WASHINGTON (AP) — A survey of United States service companies showed that the industry expanded at a slower pace in April than in March, as companies reported less business activity and could not raise their prices.
The Institute for Supply Management said on Friday that its index of nonmanufacturing activity fell to 53.1 in April from 54.4 in March. Any reading above 50 indicates expansion. The report measures growth in industries that cover 90 percent of the work force, including retail, construction, health care and financial services.
The decline in the overall index suggested that some service companies may be starting to see less consumer demand, in part because of higher Social Security taxes.
April’s weakness was largely caused by a steep drop in a measure of prices, to 51.2 from 55.9 in March. Nearly 70 percent of the companies surveyed said they did not change their prices last month, while 10 percent reduced them.
A measure of business activity also declined.
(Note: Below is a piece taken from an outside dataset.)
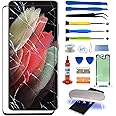Agzssl for Samsung Galaxy S21 Ultra Front Glass Repair Kit Screen Replacement Outer Glass Screen incl Waterpoof Frame Adhesive,Repair Glue and Lamp Tool Kit(No Digitizer,No LCD) 6.8 inch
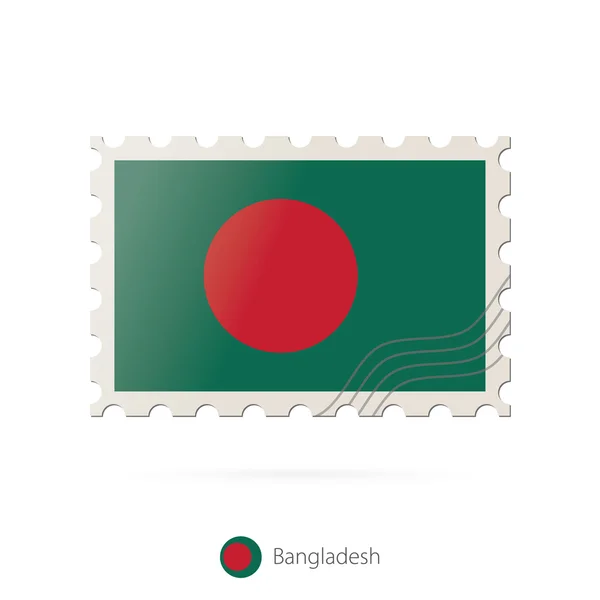 Почтовая марка с изображением флага Бангладеш . — стоковый вектор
Still, a gauge of new orders was mostly unchanged, and businesses stepped up restocking, typically a sign that they expect consumer spending to pick up.
Growth in the service industry depends largely on consumers, whose spending drives roughly 70 percent of economic activity. Americans increased their spending from January through March at the most rapid pace in more than two years, despite the increase in Social Security taxes that kicked in on Jan. 1.
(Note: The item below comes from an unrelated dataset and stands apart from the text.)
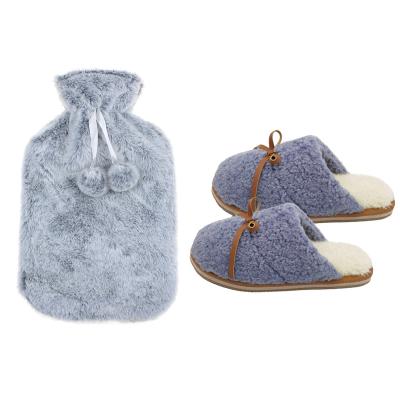 China Body Warmer Hand Warmer Gift Set Hot Water Bottle Faux Fur Hot Water Bag Cover and Plush Rubber Slipper for sale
And other trends may offset some of the impact of the taxes this year. Consumers have cut their debts. Rising home values and stock prices have increased household wealth And average gas prices nationwide have dropped 27 cents from their peak this year to $3.52 a gallon, according to AAA.
In manufacturing, orders fell 4 percent in March, the largest amount in seven months, but a crucial category that signals business investment plans increased. The drop in factory orders reflected a plunge in the volatile category of commercial aircraft, the Commerce Department reported on Friday. Orders were up 1.9 percent in February. But in core capital goods, a category considered a proxy for business investment plans, orders rose 0.9 percent after a 4.8 percent decline in February and a 6.7 percent surge in January.
Weaker economies overseas and the impact of across-the-board government spending cuts have made businesses more cautious, dampening demand for manufactured goods. But even with the March decline, total orders stood at $467.3 billion, 43 percent above the recession low in March 2009.